Sample Dataframe :
+----+-------+-----+-------+-----+
|year|country|state|college|marks|
+----+-------+-----+-------+-----+
|2019| India| A| AC| 15|
|2019| India| A| AC| 25|
|2019| India| A| AC| 35|
|2019| India| A| AD| 40|
|2019| India| B| AC| 15|
|2019| India| B| AC| 50|
|2019| India| B| BC| 65|
|2019| USA| A| UC| 15|
|2019| USA| A| UC| 65|
|2019| USA| A| UD| 45|
|2019| USA| B| UC| 44|
|2019| USA| B| MC| 88|
|2019| USA| B| MC| 90|
|2020| India| A| AC| 65|
|2020| India| A| AC| 33|
|2020| India| A| AC| 55|
|2020| India| A| AD| 70|
|2020| India| B| AC| 88|
|2020| India| B| AC| 60|
|2020| India| B| BC| 45|
|2020| USA| A| UC| 85|
|2020| USA| A| UC| 55|
|2020| USA| A| UD| 32|
|2020| USA| B| UC| 64|
|2020| USA| B| MC| 78|
|2020| USA| B| MC| 80|
+----+-------+-----+-------+-----+
In order to do multi dimensional aggregation you can do it in two ways i.e by using grouping sets or by using rollup in Spark.

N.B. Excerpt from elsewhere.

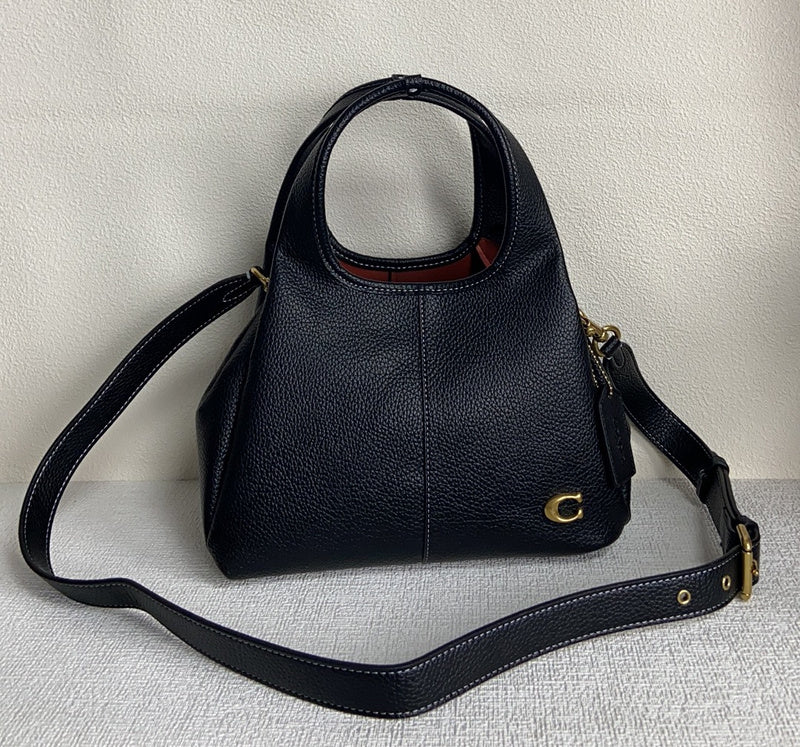 Amelia-i CAH Bags - 040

To read more about these multidimensional aggregation follow this link Multi-Dimensional Aggregation
The solution using rollup is provided as follows:
val ans_df = df.rollup("year","country","state","college").agg(max("marks").as("Marks"))
The result :
+----+-------+-----+-------+-----+
|year|country|state|college|Marks|
+----+-------+-----+-------+-----+
|2020| India| A| AC| 65|
|2019| India| B| BC| 65|
|2020| India| B| null| 88|
|2019| USA| B| UC| 44|
|2020| India| B| AC| 88|
|2020| USA| null| null| 85|
|2019| India| A| AC| 35|
|2019| USA| B| MC| 90|
|2019| India| A| AD| 40|
|2019| USA| A| UD| 45|
|2019| USA| null| null| 90|
|2020| USA| A| UD| 32|
|null| null| null| null| 90|
|2019| USA| B| null| 90|
|2020| India| null| null| 88|
|2019| USA| A| null| 65|
|2019| India| B| null| 65|
|2019| USA| A| UC| 65|
|2020| India| B| BC| 45|
|2020| USA| B| UC| 64|
+----+-------+-----+-------+-----+
Moreover, as asked spark makes sure of doing this operation in an optimal manner and makes use of the already partitioned data on doing a groupBy on an additional column.Example - On doing a groupBy on key (year,country,state,college) the data already grouped on key (year,country,state) will be used, thereby reducing significant computation.